What readers with a cursory knowledge of the band will instead find intriguing are stories detailing odd coincidences and mystical occurrences. This is a band whose eccentric co-founder and bass player, Holger Czukay, once attempted to play the same note for four hours during one of the band’s many elongated live performances. In the music world, this kind of intense patience and Zen-like concentration is tantamount to Uri Geller’s use of psychokinesis. In Can's realm, clocks would mysteriously break, members of the band would find they could start and stop pieces of studio equipment with their voices, and music journalists would leave interviews with confusingly blank audio cassettes.

Can’s initial lineup consisted of Irmin Schmidt on keyboards, the aforementioned Holger Czukay on bass, Michael Karoli on guitar, and Jaki Liebezeit on drums.
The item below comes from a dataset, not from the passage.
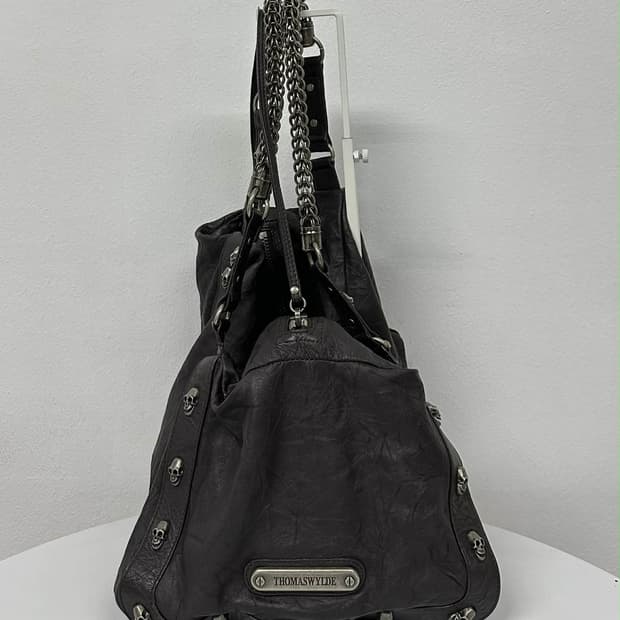 토마스 와일드 스컬 해골 가죽 체인 숄더 & 토트백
Can never had a consistent lead singer. Their first vocalist was Malcolm Mooney, an African-American conscientious objector who, in 1967 at just 19 years old, fearing the draft, decided to "vanish into the big world, carrying nothing but his sax and a change of clothes in a duffel bag." While hitchhiking his way across Europe, Malcolm met Hildegard Schmidt, Can’s manager and Irmin's wife. Malcolm only appeared on one Can studio album, their first, 1969's Monster Movie. Mooney’s time as a member of Can was short-lived, due in part to an incident during the band’s residency at a theater in Switzerland in the late summer of 1969. Evidently, Malcolm became psychologically locked in a manic episode of sorts that had him screaming, "Upstairs! Downstairs!" over and over for hours. Similar events became increasingly more prevalent during the months that followed, which ultimately led to Mooney being replaced.
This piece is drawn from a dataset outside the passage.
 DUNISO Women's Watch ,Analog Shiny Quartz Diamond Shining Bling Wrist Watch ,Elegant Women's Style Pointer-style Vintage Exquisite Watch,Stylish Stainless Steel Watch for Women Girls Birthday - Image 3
In 1970, Holger and Jaki discovered the band’s next vocalist, the Japanese musician Damo Suzuki, while he was busking in Munich. Suzuki’s anarchic vocal style was a good fit for Can, and he ended up staying on through 1973 and appeared on three iconic albums: 1971's Tago Mago, 1972's Ege Bamyasi, and 1973's Future Days. Suzuki ended up leaving the band after becoming a Jehovah’s Witness. Curiously, Can didn’t replace Suzuki and never had another lead singer. One interesting tidbit Young’s book reveals, however, is that John Lydon (AKA Johnny Rotten), evidently tried numerous times in the late '70s to coerce Irmin into letting him join Can as their lead singer. Obviously, this was never to be.
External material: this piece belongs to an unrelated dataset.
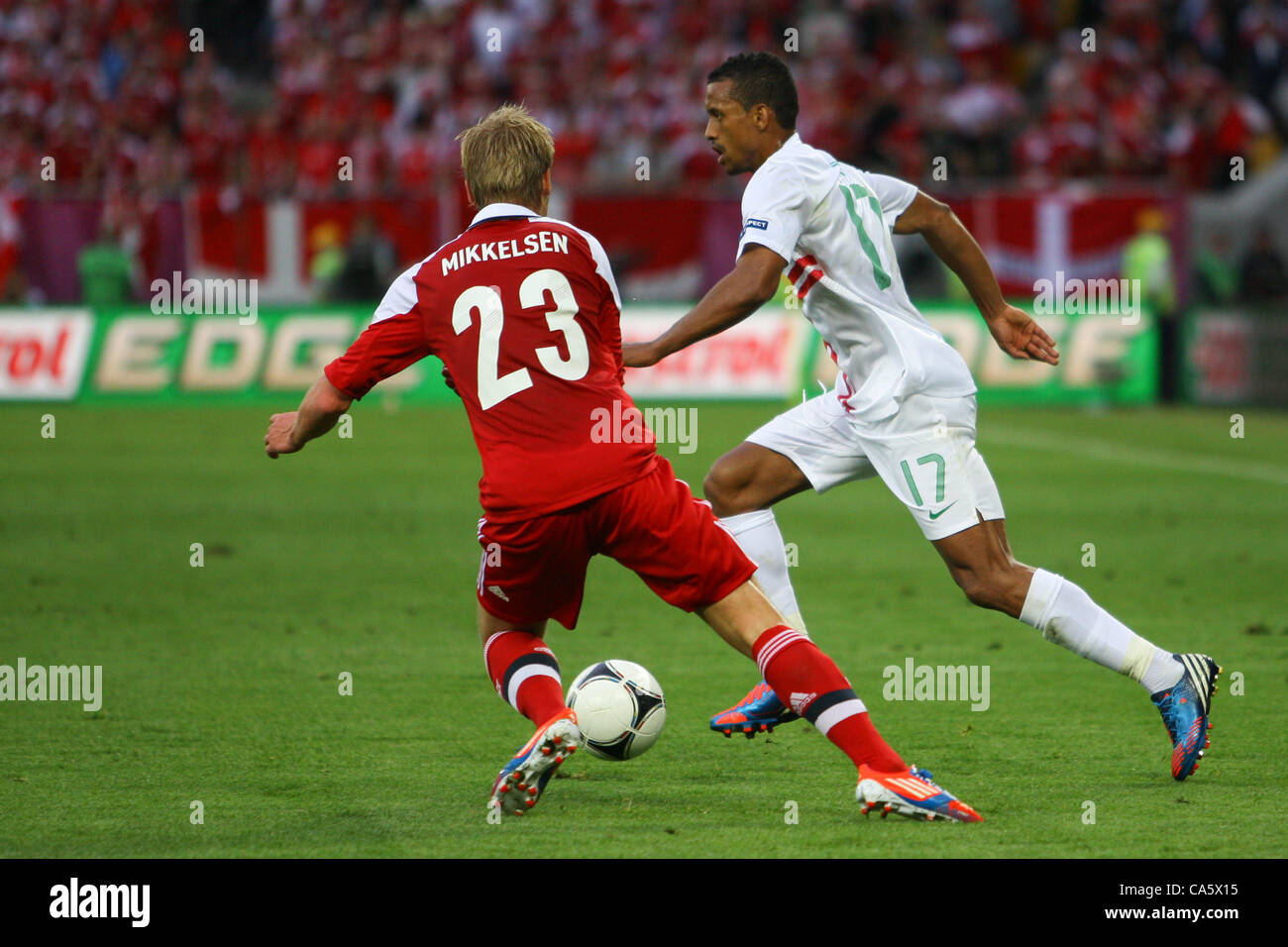 13.06.2012. Lviv, Ukraine. EURO 2012, FOOTBALL EUROPEAN Championship, Denmark versus Portugal. TOBIAS MIKKELSEN (DEN)follows NANI (POR) Portugal won the game by 3-2. Stock Photo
Some of All Gates Open's most fascinating factoids regarding Can and the artists and bands that were influenced by them are revealed in the Can Kiosk portion of the book. In one transcribed interaction, Schmidt engages Factory Records' art director, Peter Saville, in a discussion regarding album cover aesthetics. Through the conversation, it's revealed that the members of Joy Division initially wanted the pulsar image on the cover of Unknown Pleasures to be black on white and were unhappy with the final product. Schmidt then goes on to talk about how he and the other members of Can never liked the painting that graces the cover of the US edition of Tago Mago, referring to it as "Kotzkopf" — "vomit head."

Other entertaining pieces of gossip are revealed through conversations between Schmidt and Mark E. Smith when the two men discuss how both of their bands are hated in certain parts of France, and between Schmidt and Geoff Barrow when the latter admits to attempting to buy Ege Bamyasi at a hip record store in Bristol and being denied because he didn’t know if the band was called Can or "Vitamin C."

Throughout All Gates Open, Rob Young is a consistently trustworthy guide, ushering readers deftly across the life and times of a band that, including reunions and solo projects, spanned over 30 years. Although many of the references to German culture and Can’s earliest tutors and more experimental musical progenitors will be esoteric for some, Young manages to namedrop enough modern cultural lynchpins to keep the story relevant and engaging for a diverse range of music aficionados. If you're a hardcore fan of Can and krautrock, or if you’re just a fan of influential bands and their histories, you can’t get much more of a comprehensive account than All Gates Open: The Story of Can.